Una cosa es convivir con los españoles, que ya son extranjeros. Y otra es conceder a la convivencia el ejército veraniego de los guiris. Aunque vivan de ellos las propias localidades turísticas donde se les ahuyenta. Y aunque el turismo permita luego bostezar durante el invierno.
La turismofobia, al cabo, es una forma snob de xenofobia. Y una manera arcaica de prevenirse del contacto con el mundo exterior. No se ponen en cuestión los dogmas raciales y culturales si el muro neutraliza cualquier filtración cosmopolita. Otro idioma. Otros tatuajes. Otras maneras de emborracharse, incluso.

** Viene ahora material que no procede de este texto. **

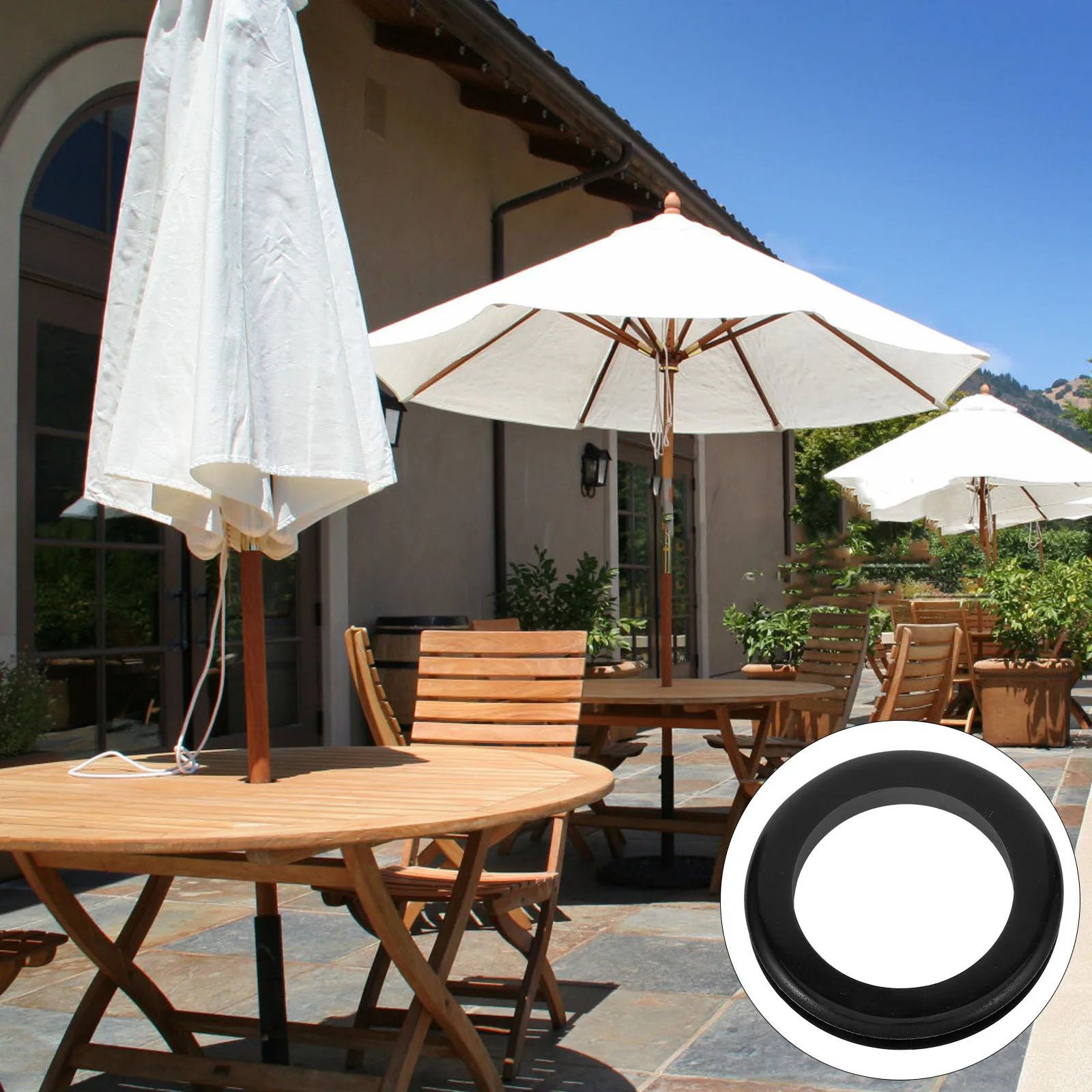 

2Pcs Silicone Patio Umbrella Rings Durable Table Hole Protector Parasol Anti-Shake Outdoor Umbrella Ring Sunshade Hole Rings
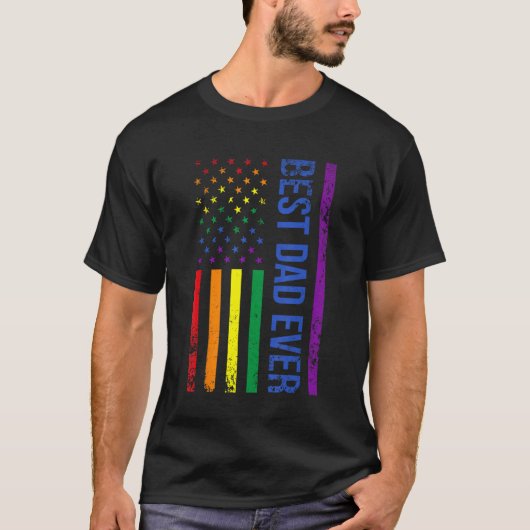 T-shirt Best Dad Ever Gay Pride Rainbow American Flag Fath (Devant)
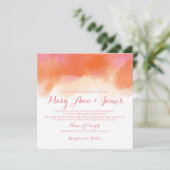 Sommerhochzeit Rosa Korallenwasser Einladung (Stehend Vorderseite)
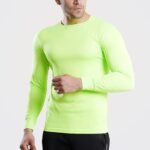 Long Sleeve Neon Green Dry Fit 100% Polyster Shirt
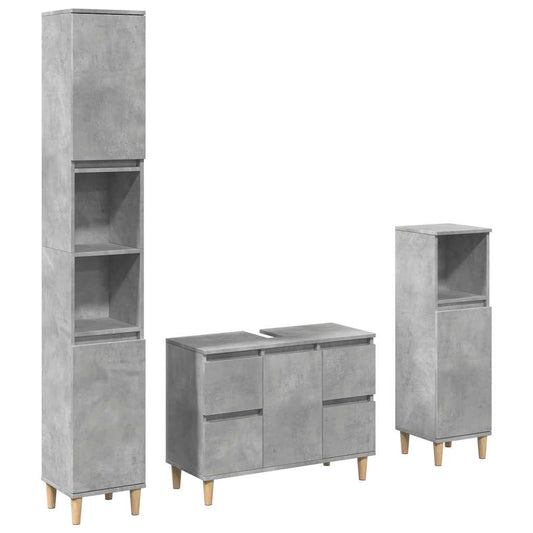 3 Piece Bathroom Furniture Set Concrete Grey Engineered Wood 3 Piece Bathroom Furniture Set Concrete Grey Engineered Wood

Así que los cuperos y los borrokas se han puesto a perseguir este verano turistas como si fueran zombies. Y algunos alcaldes nacionalistas han declarado el estado más de amenaza que de emergencia, predispuestos a organizar medidas disuasorias. Cupos. Impuestos. Preservando así la alegoría de la cueva mental de Altamira.
El delirio tiene complicaciones, contraindicaciones. Renegar del turista significa comprometerse a no ser uno. Y a quedarse no ya en su ciudad, en su pueblo, en su aldea, sino en el propio piso, restringiendo y restringiendo la mente y la mentalidad hasta convertirse en una postal inmóvil.